Faster Fluorescence Microscopy: Advances in High Speed Biological Imaging

Peter W Winter 1,*, Hari Shroff 1
PMCID: PMC4096075  NIHMSID: NIHMS588062  PMID: 24815857

Abstract

The past decade has seen explosive growth in new high speed imaging methods. These can broadly be classified as either point-scanning (which offer better depth penetration) or parallelized systems (which offer higher speed). We discuss each class generally, and cover specific advances in diffraction-limited microscopes (laser-scanning confocal, spinning-disk, and light-sheet) and super-resolution microscopes (single-molecule imaging, stimulated emission-depletion, and structured illumination). A theme of our review is that there is no free lunch: each technique has strengths and weaknesses, and an advance in speed usually comes at the expense of either spatial resolution or depth penetration.

Introduction

Fluorescence microscopy provides a unique combination of high contrast and molecular specificity that is well suited to a wide array of research areas, from cell biology [1] to neuroscience [2]. The last decade has seen explosive growth in new imaging techniques, tremendously improving the performance of fluorescence microscopes. These new methods make it challenging to determine which technique is appropriate for a given experiment, as many factors--including spatial resolution, imaging speed and the desired sample penetration--must be considered.
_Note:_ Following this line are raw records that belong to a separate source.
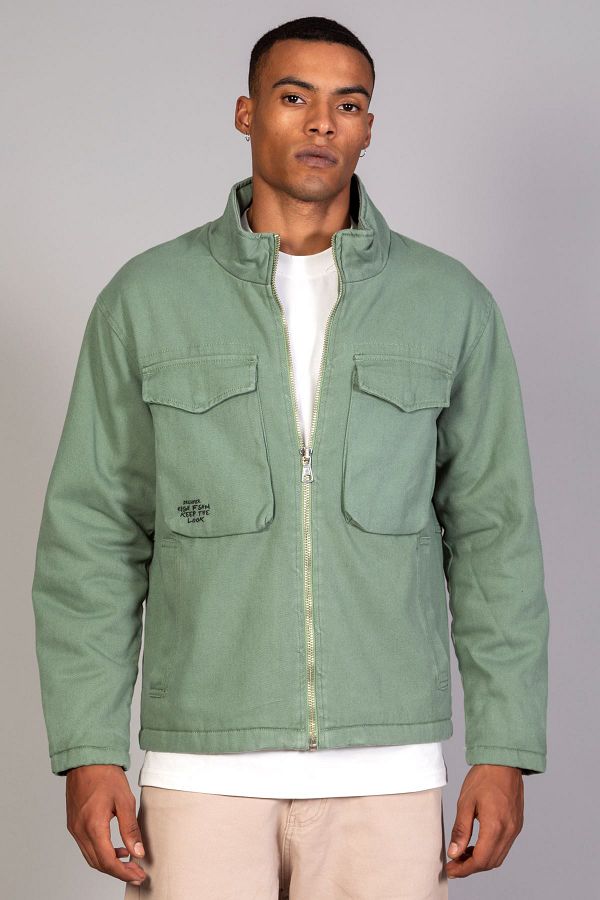 Little Cup Men s Mint Green Lightweight Quilted Oversize Jeans Jacket Trendyol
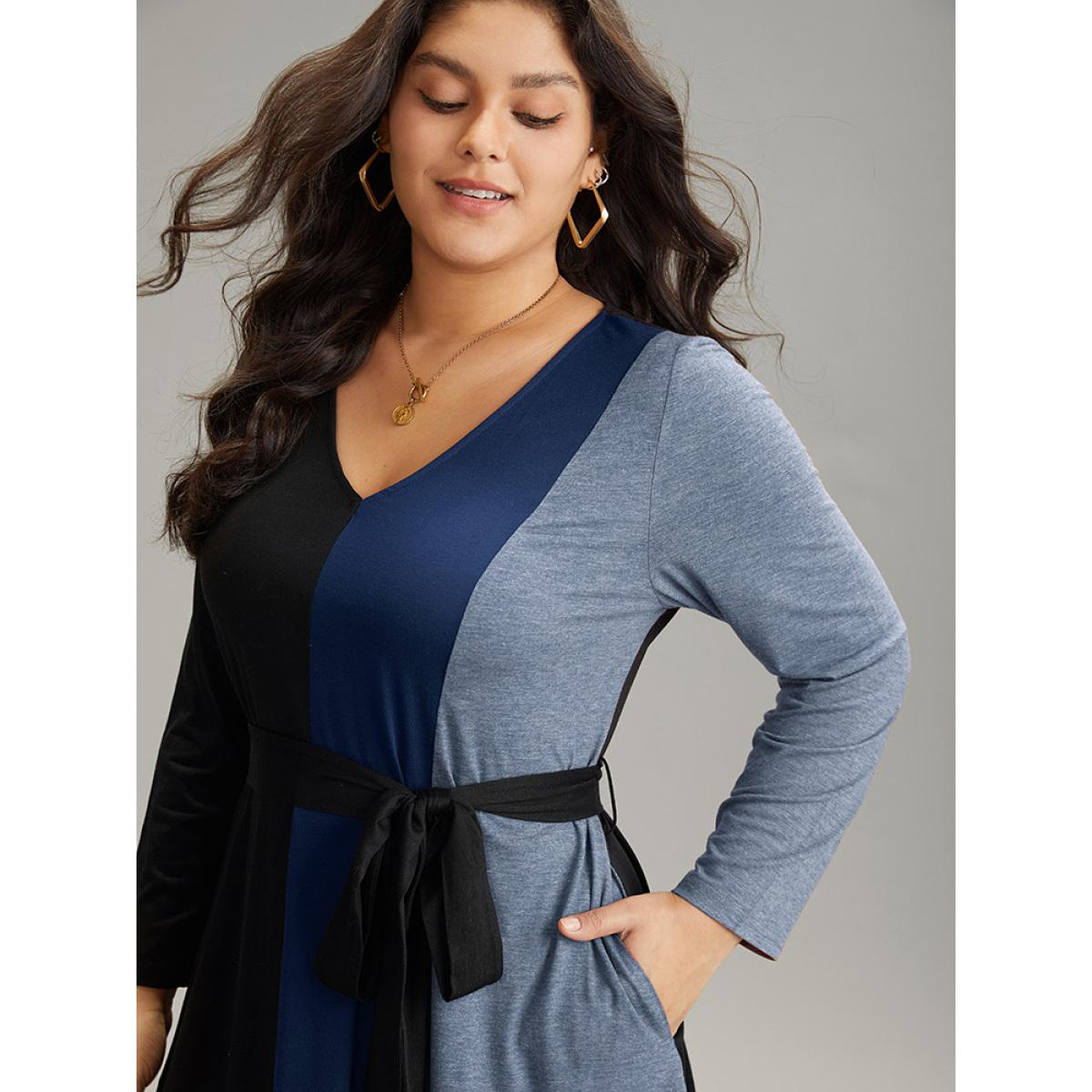 Plus Size Colorblock Patchwork Belted Pocket Long Sleeve Dress DarkBlue Women Casual Belted V-neck Long Sleeve Curvy Midi Dress BloomChic 30/6X Product Image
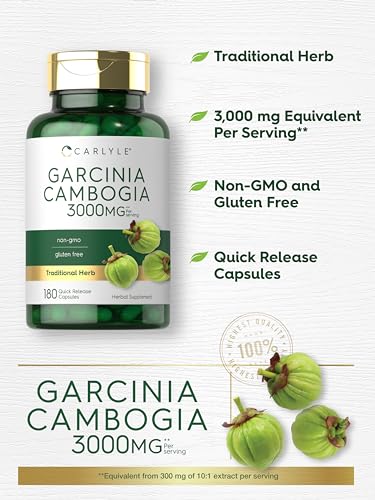 Carlyle Garcinia Cambogia Extract 3000mg, 180 Capsules
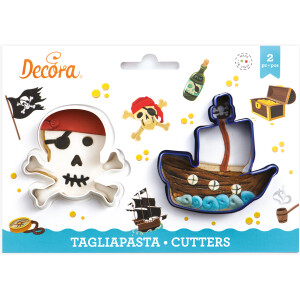 Κουπάτ καράβι πειρατικό και νεκροκεφαλή 6,5-7,5cm 2τεμ Decora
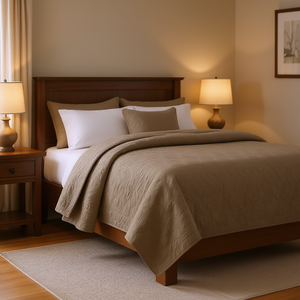 Juego de Edredón Floral Vintage Color Moca, Tamaño Queen, Reversible, Relleno de Algodón, Estilo Clásico para el Hogar, Juego de 3 Piezas - Product Image 2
Although developments in hardware and brighter, more photostable fluorophores continue to result in faster and more sensitive imaging, there are still inherent speed limitations in fluorescence microscopy (Fig. 1). Existing fluorescence microscopes can be broadly divided into two classes – point-scanning and parallelized systems. Point-scanning microscopes (such as laser-scanning confocal microscopy, LSCM) scan a single excitation focus through the sample, mapping the resulting fluorescence from each scan position to a unique pixel in the image. It is often assumed that the speed of point-scanning systems can be improved by simply increasing the scan speed, yet the resulting decrease in per-pixel dwell time lowers the total signal and degrades the image’s signal-to-noise ratio (SNR). Increasing the illumination intensity compensates for this effect, but can also result in higher levels of photodamage and photobleaching (and at high intensities these processes can scale nonlinearly with intensity). Also, given the finite pool of fluorophores in the sample, above a certain illumination intensity effectively all fluorophores are excited and further increases in intensity are of no benefit. Higher speed, or higher SNR at the same speed, can be achieved by parallelizing excitation (i.e. using multiple simultaneous excitation foci to illuminate the sample). Widefield microscopy (illuminating the entire sample volume at once) exemplifies the highest degree of parallelization, thus offering the fastest image acquisition rates. However, this increased acquisition speed comes at a price, as any degree of parallelization results in ‘crosstalk’ between spatially distinct points in the sample, degrading optical sectioning and contaminating the in-focus signal with scattered light.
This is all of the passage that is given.